In the 1800s the main contributions towards advancing the design of washing machines were James King's introduction of the first drum type machine in 1851 which looked slightly more like today's machines. Hamilton Smith got the rotary washing machine patented in 1858 and this was one of over 2000 patents that were recorded by the end of the 1800s. The majority of these never worked with some very odd contraptions being invented one such device was a machine powered by 12 donkeys that could wash a dozen items at a time. The biggest success was in 1874 when Mrs. Blackstone got the ultimate birthday gift when her husband presented her with a washing machine that he had designed and built himself. Her husband William Blackstone an Indiana corn machine manufacturer found it worked so well that many people wanted to buy it and you started to produce and sell the machine. It was a success and within 5 years he had moved to New York and opened a factory which is still their today. It was made of wood and comprised of a tub to which hot soapy water was added to and in the tub sat a piece of flat wood with pegs attached to it. The wood was made to move around the tub via some gears and a handle and as it done so the pegs caught the clothes and dragged them about in the water. This is the principle that all today's machines work on that by moving clothes through hot soapy water dirt is removed.

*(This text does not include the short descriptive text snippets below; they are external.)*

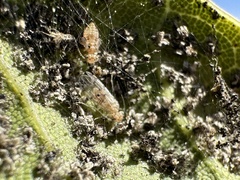 Homilopsocidea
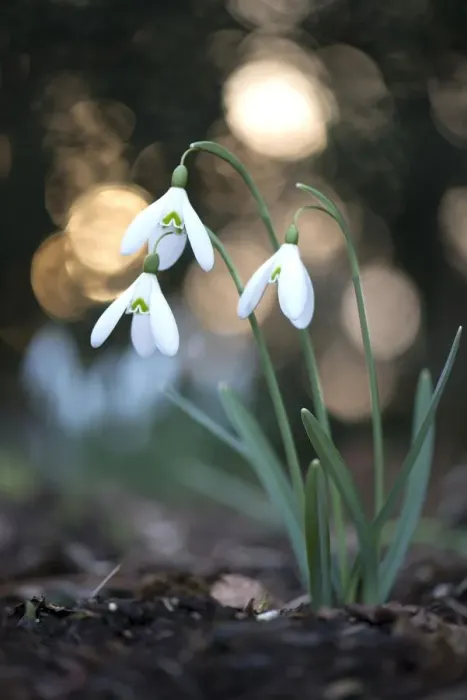 Framed Print : amaryllidaceae, blossoming, blurry, exterior views, niedersachsen, spring, white Framed Print : amaryllidaceae, blossoming, blurry, exterior views, niedersachsen, spring, white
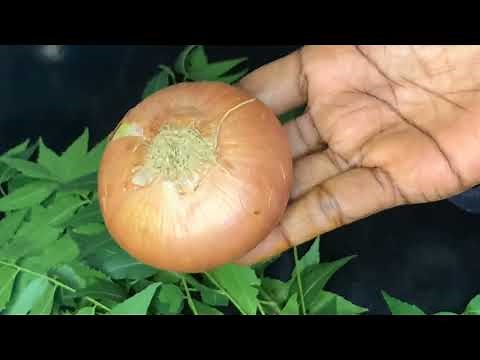 Natural Way to Stop Over bleeding,Heavy bleeding or Heavy Period |HOME REMEDY |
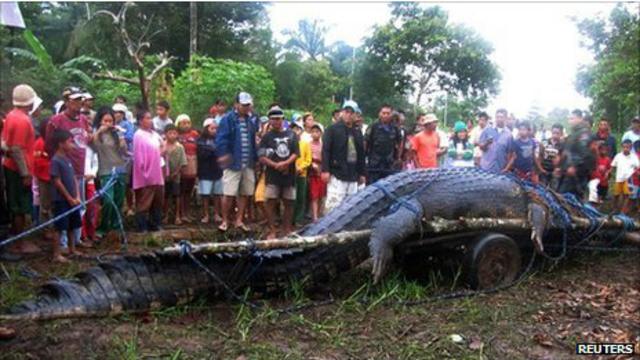 Самый большой морской крокодил умер на Филиппинах - BBC News Русская служба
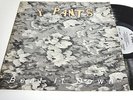 Y PANTS - BEAT IT DOWN-LP/Vinyl/Record
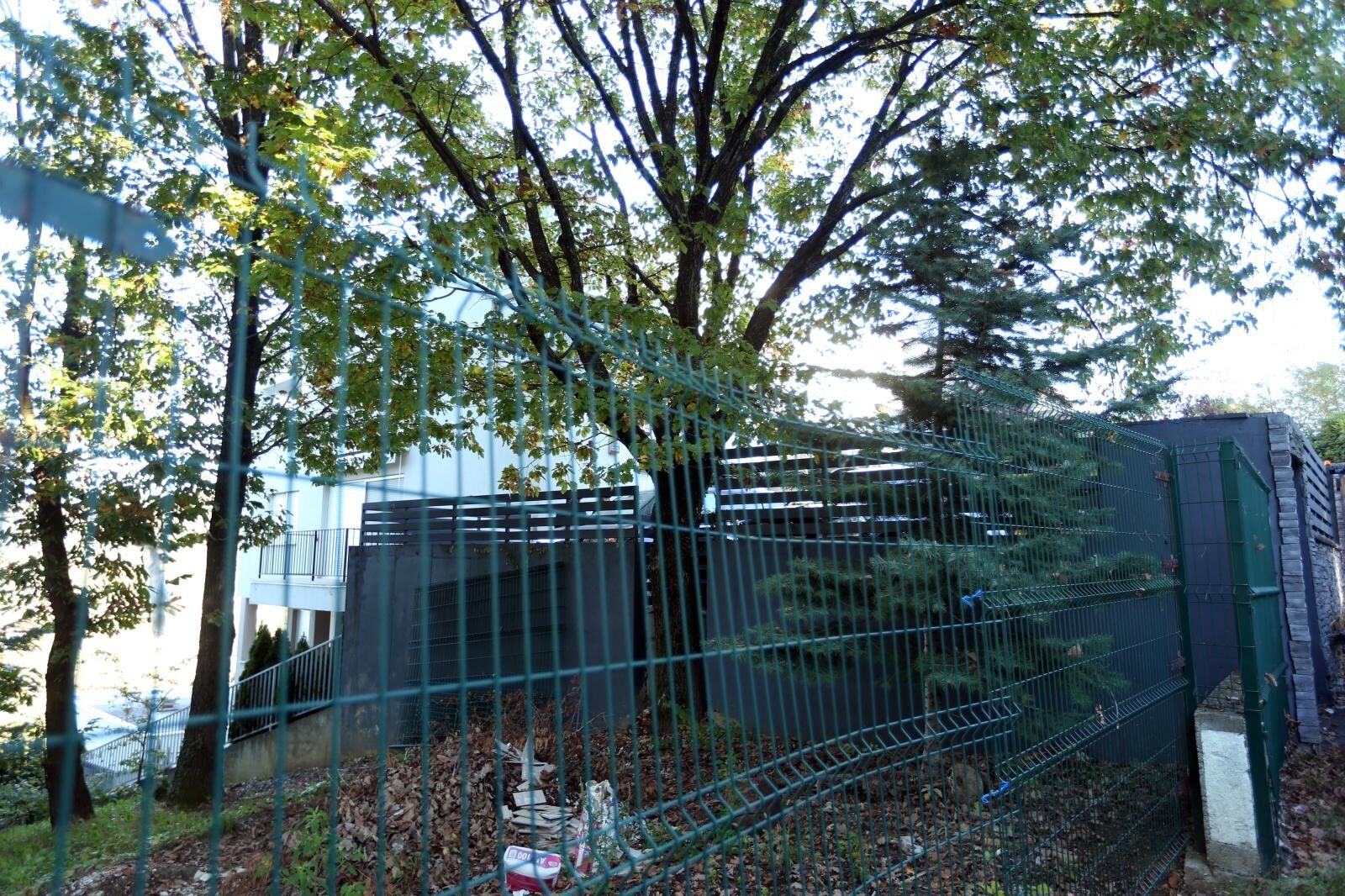 Foto: Robert Anic/PIXSELL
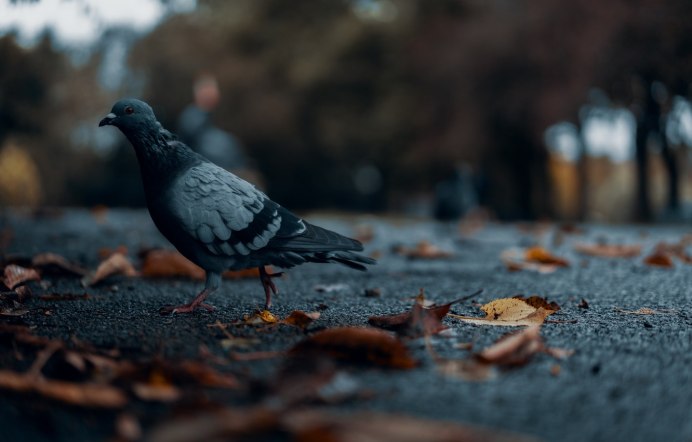 Голуби в осеннем парке фото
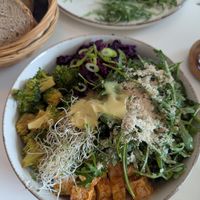  at Vegasmo in Brasov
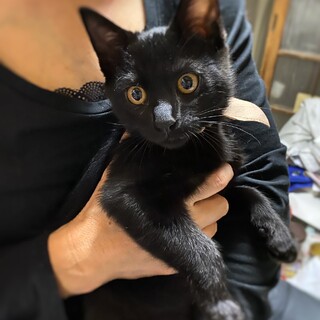 眉毛が可愛いヤンチャな甘えん坊❤︎ぴーすけ&もふた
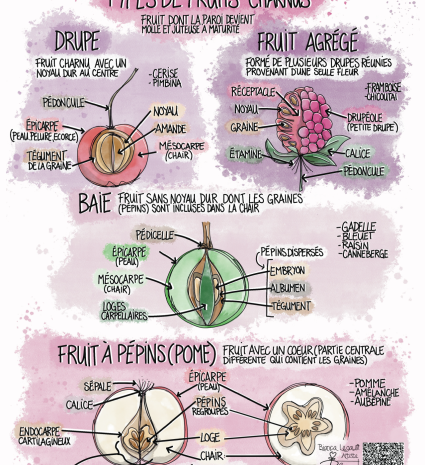 Fiche illustrée sur l’anatomie des fruits charnus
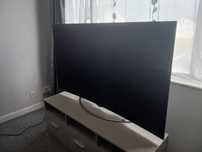 tv oled 65 inch defect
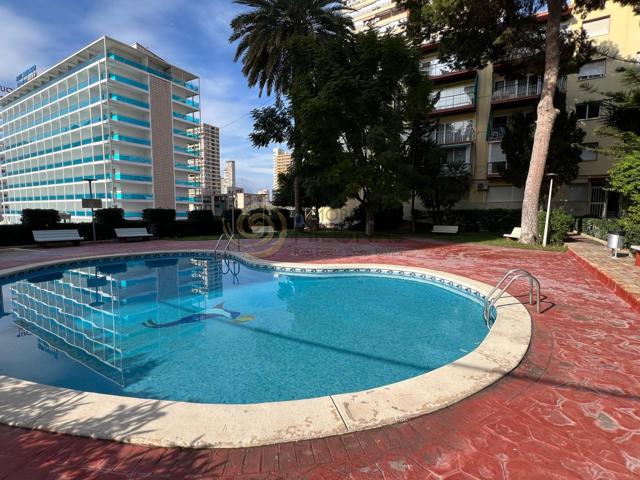 🌟 ¡Tu hogar junto al mar te espera en Benidorm! 🌟 photo 0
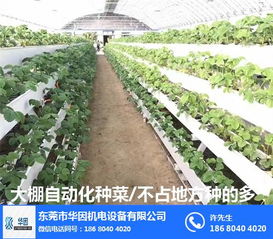 农民伯伯种菜不容易， 农药残留咋处理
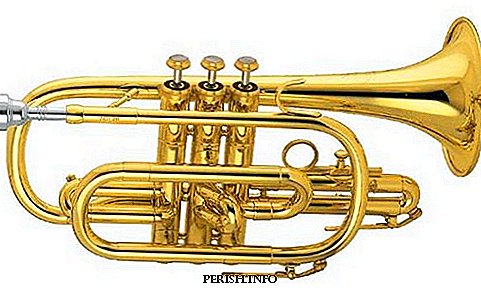 Cornet - undeservedly forgotten hero brass band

It is widely accepted that electric washing machines were introduced by Alva Fisher in 1906 with his company Fisher producing and selling a lot of these machines. But there was another successful patent granted for an electric machine before his by Louis Goldenberg who worked for ford and this should be the one credited in history although for some reason unknown it wasn't. These early electric machines soon had to be modified after a series of fatal accidents with people getting electrocuted. This was because the tub did not have an outer casing and water could easily spill from the tub directly onto the motor or wiring.
Most machines were made from metal from 1900 onwards with hand, steam and gasoline powered devices gradually succumbing to electric power. The Bendix Corporation brought in the first automatic front loading machine in 1937 which in design is similar to today's versions except that it had no internal drum suspension to prevent vibration and it had to be fixed firmly to the floor. General Electric designed the first top loading automatic which also included an agitator unveiling it at the 1947 Louisiana State Fair.